SALLY'S SALON... LET'S TALK
About...SCIENCE
SALLY’S SALON…LET’S TALK
About…SCIENCE
Science: a challenge and a concern: Science makes many things possible; it has transformed lives with new information and methods that are intended to explain life and make it easier. It has led to a greater understanding of our planet and its resources. It has reached out to the discovery of an ever-expanding universe beyond the world we know to spaces where other worlds exist and have existed. It has provided new thinking about who we are and who we can be. It has led to the establishment of a society that values the abilities that these goals have promoted. It has convinced much of society that this is progress.
The concern is the direction in which science is taking humanity. Over the years people have developed lifestyles that reflect the choices they have made. The choices have been made from areas of the environment that surround them and appeal to them. The resident of the plains has been attracted to the soil and what it can produce. That person has perhaps become a farmer and an environmentalist.
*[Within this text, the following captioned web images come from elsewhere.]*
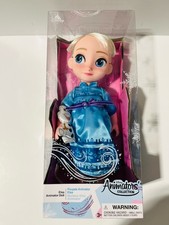 Disney Store Animators' Collection Elsa Doll – Frozen – 16'' New In Box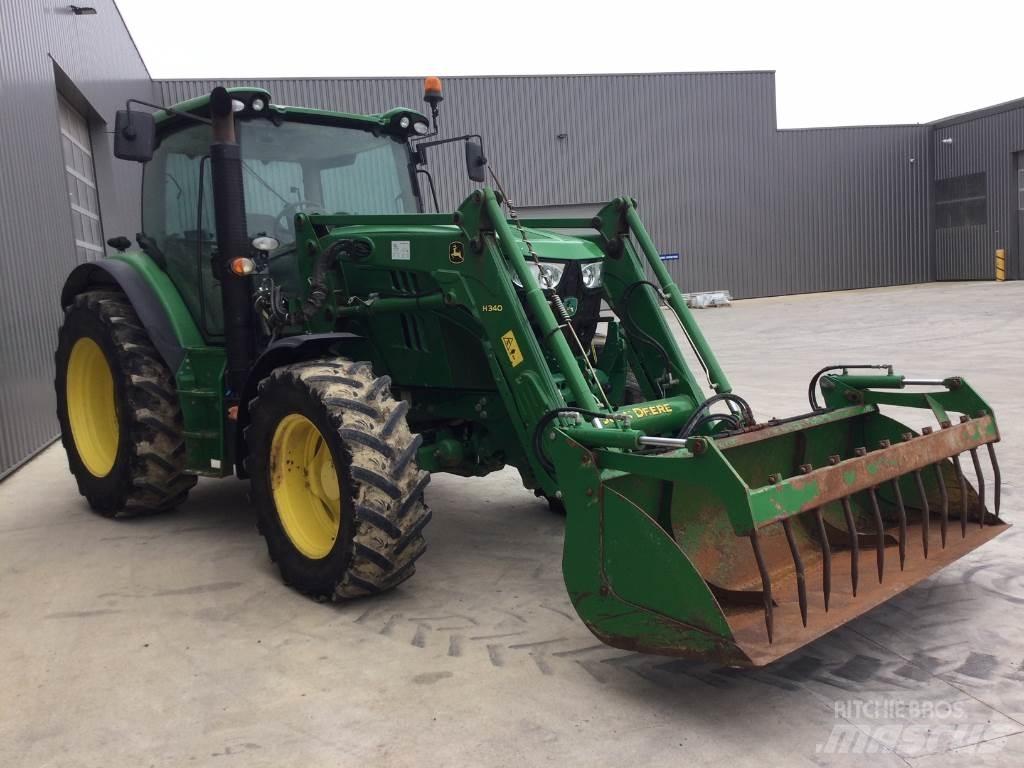 John Deere 6130R 曳引機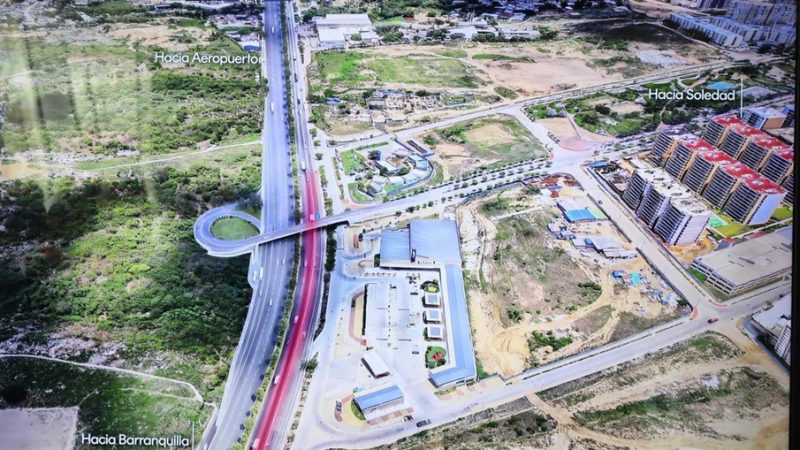 La Circunvalar tendrá un nuevo retorno y un puente peatonal a la altura de Puerta Dorada y el barrio 7 de Abril 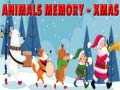 Игра Animals Memory - Xmas
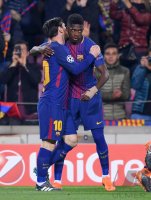Fussball CHL 17/18 Achtelfinale: FC Barcelona - FC Chelsea London
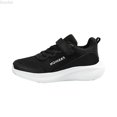 thumbnail image 1 of DuoJiaJ Breathable Mesh Boys' Running Shoes Lightweight Non Sneakers For Kids And Teens Boys Non- Sports Shoes Size 11 M,Black, 1 of 4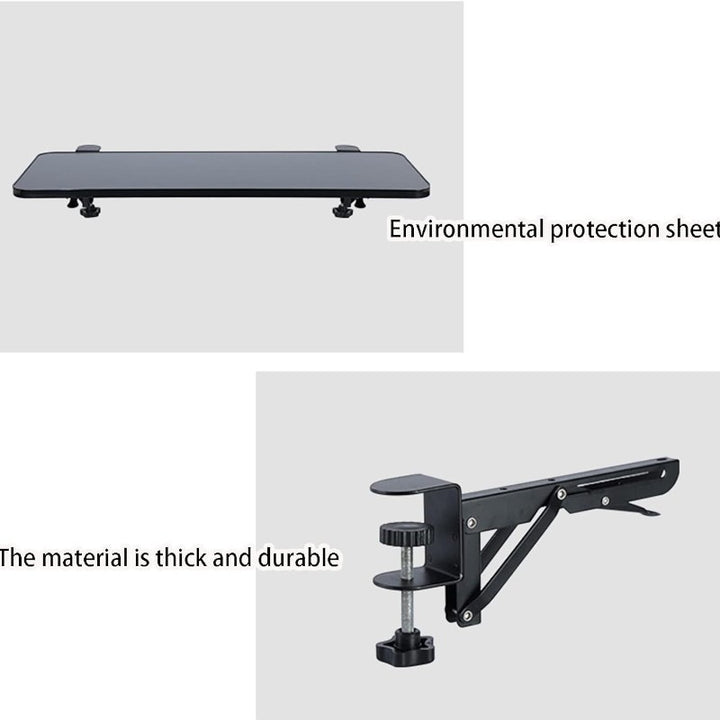 Foldable Desk Extender Tray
The resident of the city has admired the bigness and the activity and possibly become a builder . The resident of the coast has become a sailor and perhaps a fisherman. The resident of the mountains has become perhaps a climber and/or an artist in admiration of the beauty around him. This is the natural direction in which people go. Science has made other choices evident and possible. Science along with technology has enlarged humanity’s vision of possible choices.
Some of the early examples of this influence was the introduction of the machine. Machines made farms bigger and buildings higher. Technology, the fraternal twin of science, made information more accessible and the world became a wider environment. It was a growth that enriched the lives of those who responded to it with courage and willingness to expand their lives and become More - physically , mentally , and emotionally. It made life more interesting and exciting. It was a change that brought benefits to lives, while at the same time changing the world. For the elite, its acceptance also gave science and technology the opportunity to expand into more areas.
Recent centuries had been times when landowner-peasant relationships had moved to the formation of nation states with the expectation of more freedom and choice, a more fulfilling life for those in servitude. As nations gained wealth through development, a colonial era became a way to exercise this power in the pursuit of resources. Problems of inequality within nations gradually led to dis-satisfaction among the masses and resistance to change from leaders. Divisions grew within nations. Competition among developed nations resulted in enmities that spread worldwide. Science and technology responded with its attention to the new needs that now centered on winning wars. Progress meant better weapons, broader alliances, better communication that made these wars acceptable to the people, and ways of knowing what “enemies” were planning.
The present time clearly reveals the errors that have brought the world to the chaotic situation in which we are now. The U.S. as the most powerful nation in wealth and military strength has been the example that many other nations have admired and followed, but a change is now in evidence, both in world thinking and within the U.S. as the current widespread rejection of the neoliberal philosophy adopted by our political system of unbridled capitalism has indicated.
Questioning of whether what can be done should be done, and a return to spiritual values of right and wrong are signs that human intelligence has also advanced to confront the definition of progress and bring it into line with truth. But problem-solving is lagging.
Scientific goals and developments that are actively being pursued and implemented, and are being used by technology , are at a point where attention must be given to transform them for the benefit of humanity and the very existence of life on earth.